While the three technologies are often mixed up, there are significant differences between VR, AR and Mixed Reality (MR). AR lets users see the real world and projects digital information onto the existing environment. VR shuts out everything else completely and provides an immersive simulation. Mixed reality is closer to AR in the sense that it also projects synthetic content on the environment that is anchored in reality. However, unlike AR, MR technology interacts with the world. It means that while AR will soon be able to project the clinical data of a patient in front of me, MR first senses what is around and projects the requested data adjusted to the given environment.

Mixed reality is provided through Microsoft’s newly released low cost Mixed Reality Headset as well as the advanced HoloLens. The latter is the first self-contained, holographic computer which enables the user to engage with digital content and interact with holograms around.  Microsoft HoloLens scans the environment first and one can actually place the appearing window on the objects that it sees.

Interestingly, the HoloLens uses voice commands to search the web or start certain apps. The gadget uses speakers which do not obstruct external sounds to allow you to hear both virtual and natural sounds. The user is also able to command the entire system through different hand gestures or through a clicker. Interacting with the apps is quite straight-forward once you get used to the clicking hand gesture – it is just like using Microsoft Windows without a mouse or a keyboard.
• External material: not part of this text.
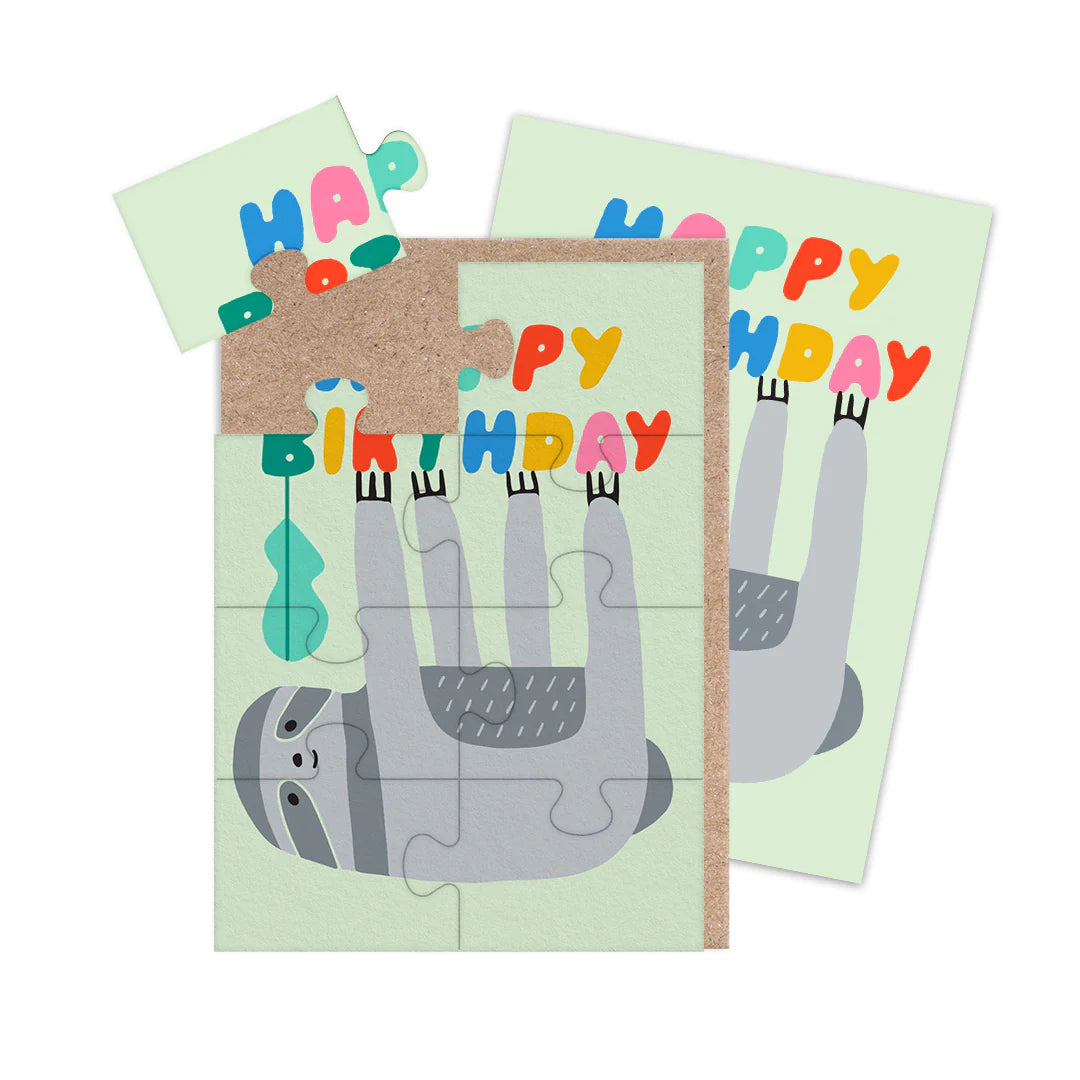 Birthday Sloth Jigsaw Greeting Card (A6)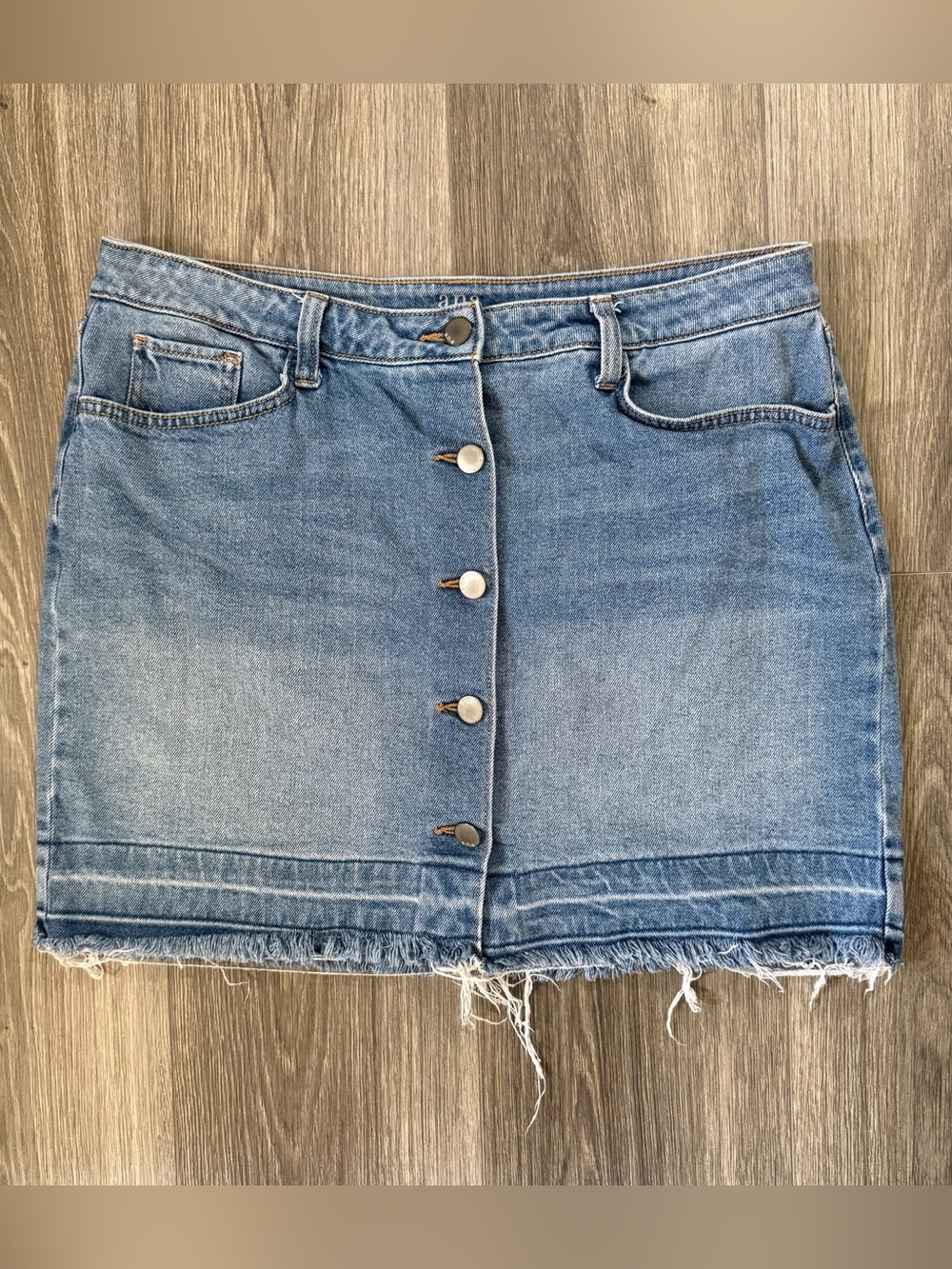 A.N.A. Button Front Denim Mini Skirt Size 12 Light Wash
Applications of Mixed Reality:

  • Medical & Nursing Education & Training: HoloLens has opened up radically new ways for medical education as, unlike through Smartphone based AR, it is able to project a full sized human body in front of medical students. Thus, the organs, veins or bones will be visible accurately in 3D, and future medical professionals will be able to analyze organ systems and remember much better than it is possible while studying from a book. There are already universities that plan to introduce this new technology: Case Western opens its new health education campus in collaboration with the Cleveland Clinic in 2019, where students won’t learn anatomy from cadavers – they’ll learn it from virtual reality.
  • HoloLens in Diagnostic Imaging: Visualizing radiological data such as DICOM data from MRI/CT scans reconstructed into virtual 3D Holograms makes a powerful diagnostic tool, which aids physicians and surgeons to make an accurate diagnosis and plan treatment. A doctor can a HoloLens and actually “see” the pathology superimposed inside the patient from all sides.
  • Surgical Planning and Navigation: HoloLens is being applied by hospitals in doing pre-operative planning of operations. By projecting actual reconstructed scans as 3D holograms over patients, surgeons could plan an entire intervention using such holograms and they could accurately see the places for making incisions and also clearly envisage the consequences of their moves.

Immertive MR

Developing HoloLens and Mixed Reality applications requires a blend of different talents – medical domain, visual designers and design thinkers, 3D graphic artists and software engineers and programmers who have worked on Unity and HoloLens. The team at Immertive brings together:

  • Healthcare Domain Knowledge: Our in-house team of medical & medical education experts collaborating with our panel of external specialty-wise subject matter experts help in creating Holograms that can be superimposed within your own environment.
  • 3D Art: Immertive’s expert 3D graphics team creates compelling 3D graphics and can even scan objects and make them into 3D Holograms with high fidelity.
  • Design Thinking Approach: Our design team covers all aspects of Visual Design including Information design, Interactivity design, Navigation design, Interface design, Identity design and Graphic design. The UX for HoloLens is unique in that the user can interact with 3D Holograms being seen through the device by using voice commands, gestures and a clicker. Our design experts create unique interfaces that make the HoloLens experience to be something that’s long lasting in impact and outcome.
  • Software Development: Our software engineers and programmers are adept at using Unity and HoloLens SDKs to build 3D immersive interactive HoloLens experiences. This allows scanning and mapping the environment and placing Holograms within the scanned spaces and interactivity through voice and gesture commands.
  • Technology: We build applications for Microsoft’s HoloLens as well as for the lower costing Mixed Reality Headset.